Cars with driver assistance systems and autonomous technologies have been involved in hundreds of crashes over the past year according to newly released data from the US ‘National Highway Traffic Safety Administration (NHTSA).

The agency found that vehicles equipped with Advanced Driver Assistance Systems (ADAS) were involved in 392 crashes between 1 July 2021 and 15 May 2022.

Six of those were fatal, five resulted in serious injuries, and a further 41 caused minor or moderate injuries.

Senator Richard Blumenthal, Chair, US Senate Commerce, Science, and Transportation Subcommittee on Consumer Protection and Product Safety, said the findings were “a cause for deep alarm”.

“[The] NHTSA has to be particularly aggressive here to say no more business as usual.

“Should NHTSA find any technology to be unsafe, it ought to act promptly to ensure that that technology is forbidden, not actively put in any vehicles.”

The findings are a response to a Standing General Order requiring that car manufacturers and operators report crashes to the NHTSA when Level 2 or higher autonomy is active at the time of the incident.

The order allows the agency to acquire “timely and transparent” notification of real-world crashes associated with advanced driver support and level 2 ADAS from manufacturers and operators to help it raise safety concerns about them through further investigation and enforcement.

Should it find a safety defect, the agency says it will take action to ensure unsafe vehicles are taken off public roads or remedied, as appropriate.

Data-driven approach

The NHTSA hopes the information will support a “more data-driven approach” to safely rolling out self-driving tech, including regulation and education.
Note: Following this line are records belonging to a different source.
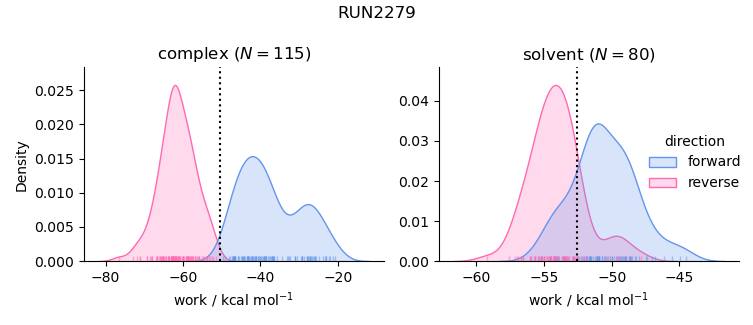 work distributions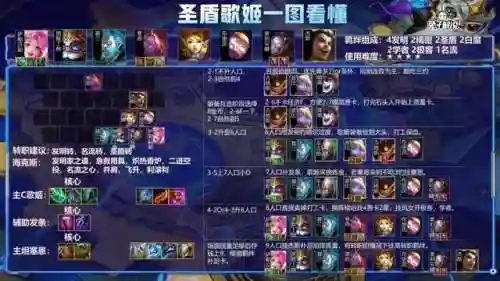 发明狙神阵容搭配攻略(明日方舟平民干员阵容)插图4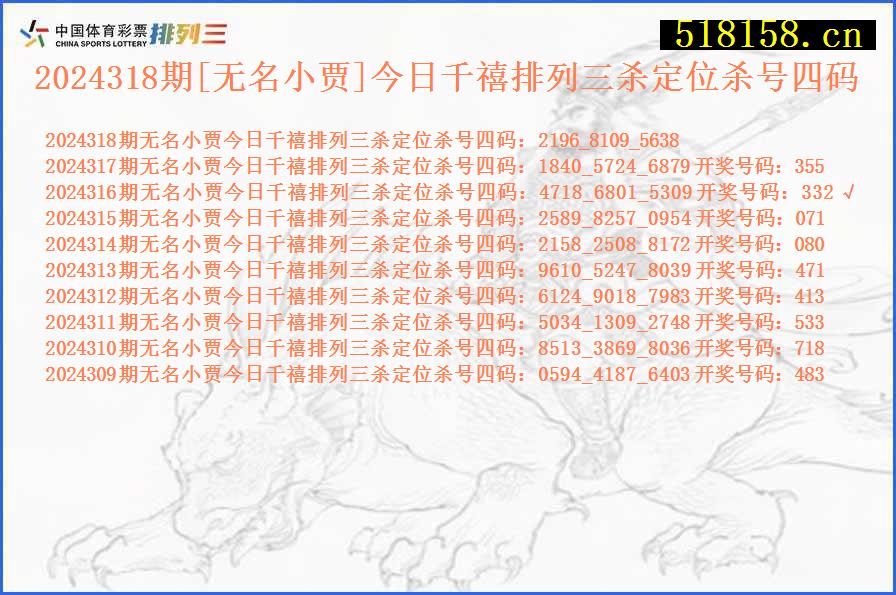 2024318期[无名小贾]今日千禧排列三杀定位杀号四码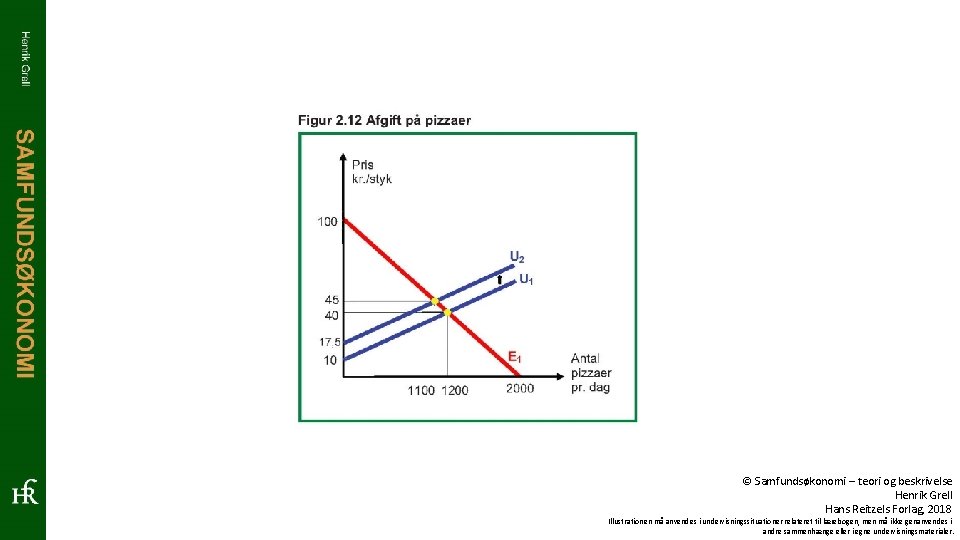 © Samfundsøkonomi – teori og beskrivelse Henrik Grell Hans Reitzels Forlag, 2018 Illustrationen må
Cathy Chase, President of Advocates for Highway and Auto Safety, said: “The public has a right to know how partially automated systems and autonomous vehicles (AVs) are performing on our roadways, especially considering currently there are no federal safety standards for these newer systems.
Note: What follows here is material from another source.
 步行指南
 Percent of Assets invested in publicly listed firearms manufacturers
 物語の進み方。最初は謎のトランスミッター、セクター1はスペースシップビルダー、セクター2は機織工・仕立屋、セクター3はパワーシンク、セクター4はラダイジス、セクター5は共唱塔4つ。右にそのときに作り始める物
“Features which fall under the overarching term of advanced driver assistance systems, or ADAS, like automatic emergency braking (AEB), lane departure warning (LDW) and blind spot detection (BSD) have been shown to be effective at preventing or mitigating crashes.

“However, their full potential to save lives will not be realized until the DOT issues minimum performance standards.

“While more time is needed to analyze the data released this morning, it is clear that US road users are unwitting participants in the beta testing of automated driving technology.”